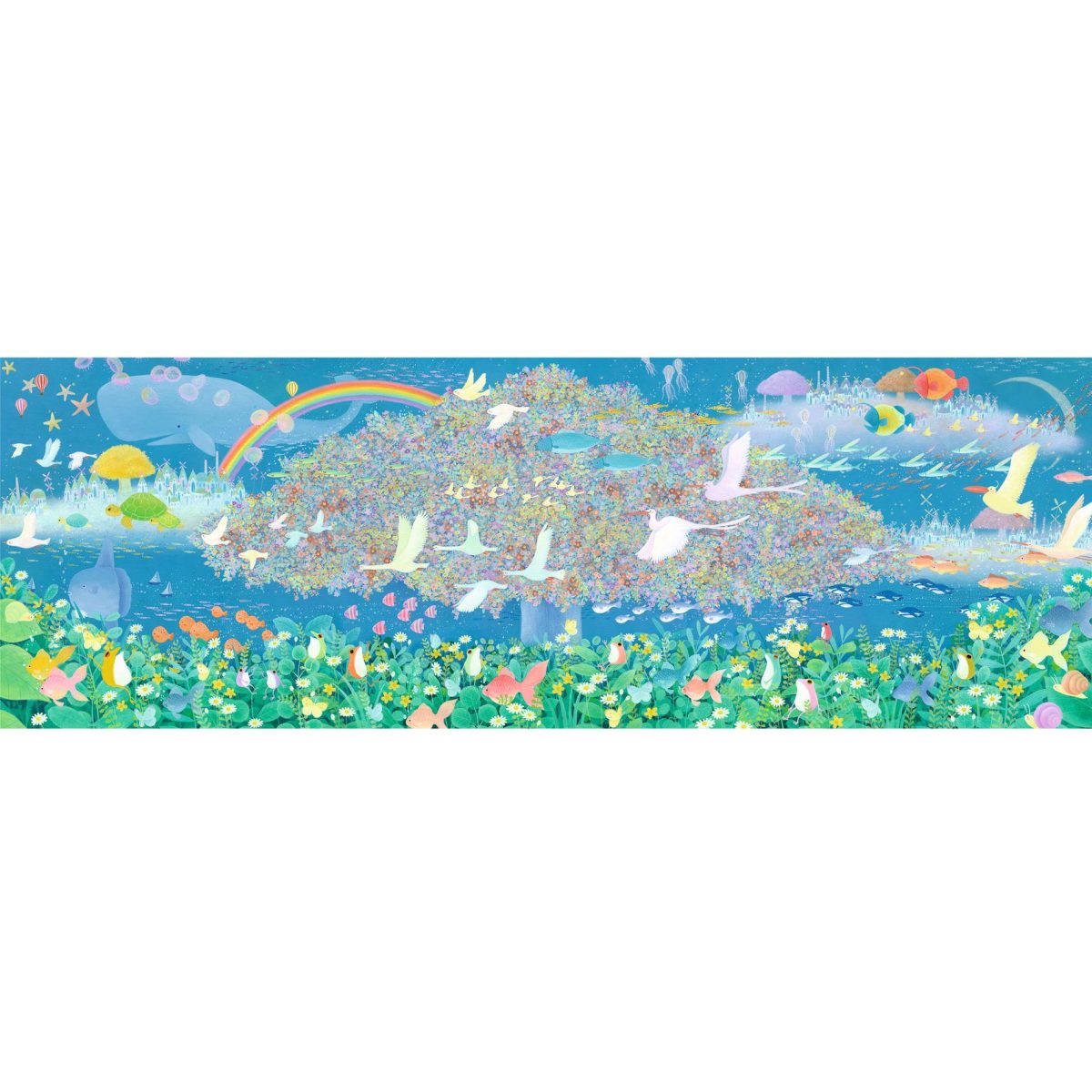 Djeco Puzzel Dromerige dromen - 350 stuks - Afbeelding 2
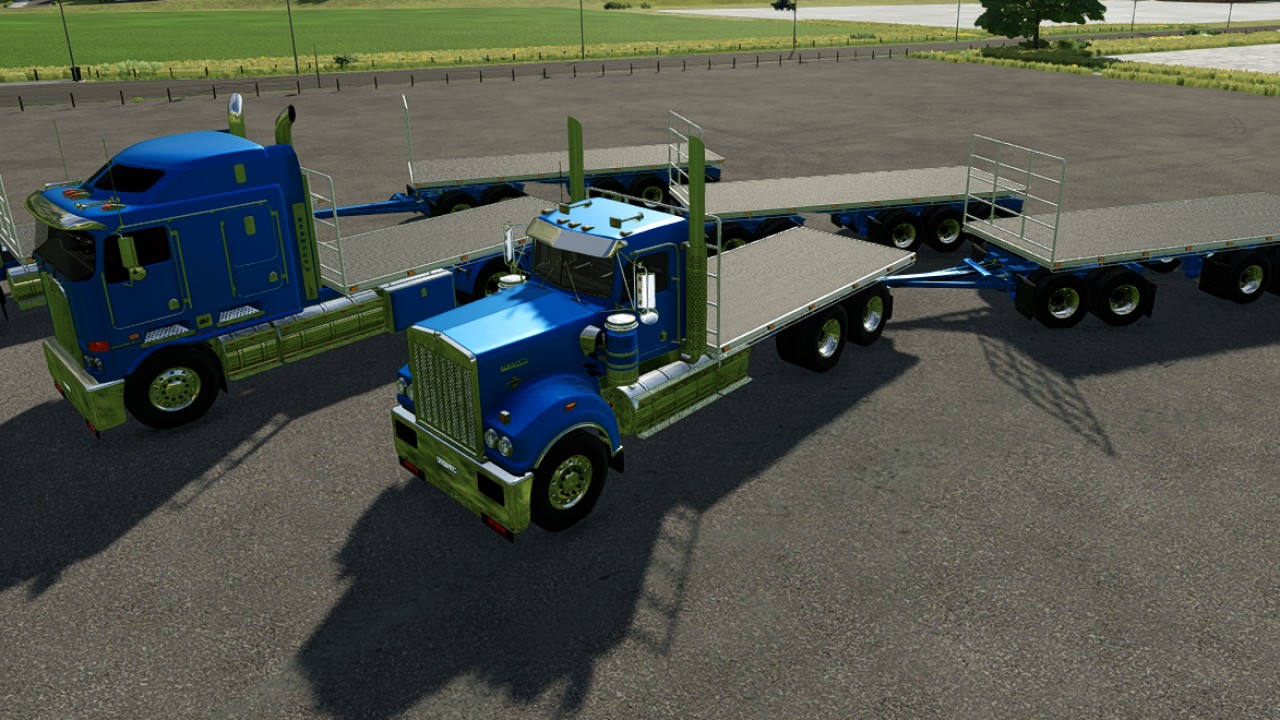 Прицепы Kenworth T900 (Autoload)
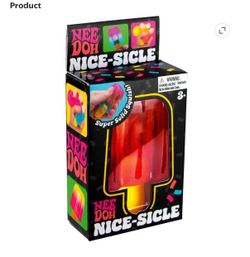 Nee Doh Nice-Sicle Squishy Stress Toy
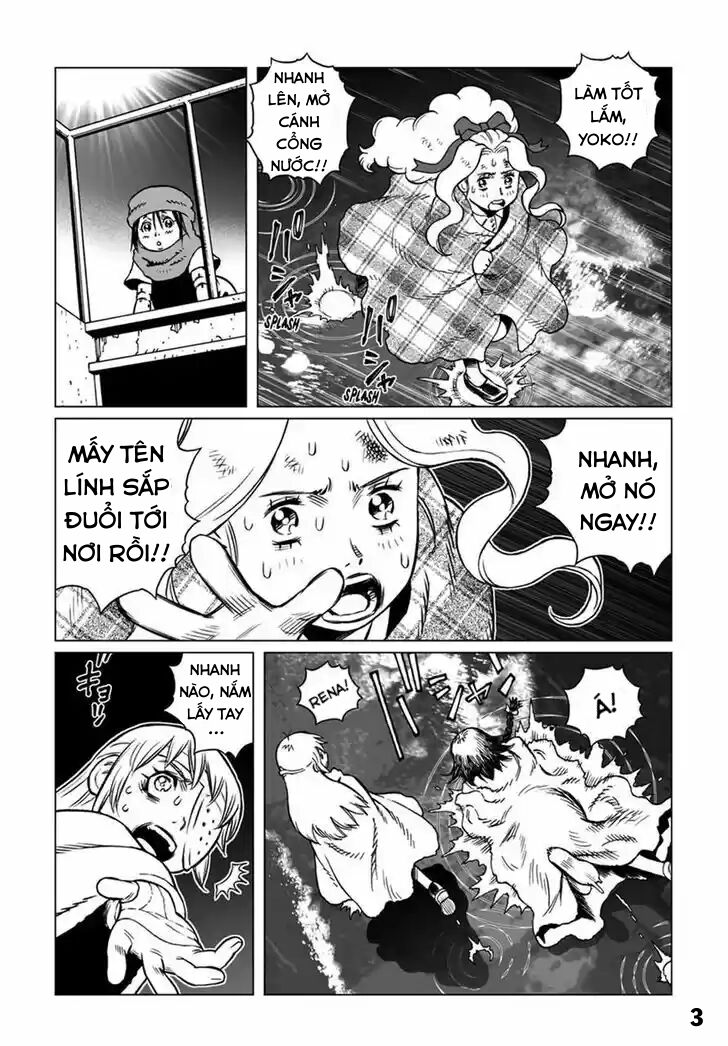 Thiên Thần Chiến Binh Alita: Biên Niên Sử Sao Hoả Chap 41 - Next Chap 42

→ **What the task requires**:
Please, leaving out all pictures, transcribe exactly the lines above from the one containing "Прицепы Kenworth T900 (Autoload)" through the final line, both included.

→ **Expected output**:
 Прицепы Kenworth T900 (Autoload)
 Nee Doh Nice-Sicle Squishy Stress Toy
 Thiên Thần Chiến Binh Alita: Biên Niên Sử Sao Hoả Chap 41 - Next Chap 42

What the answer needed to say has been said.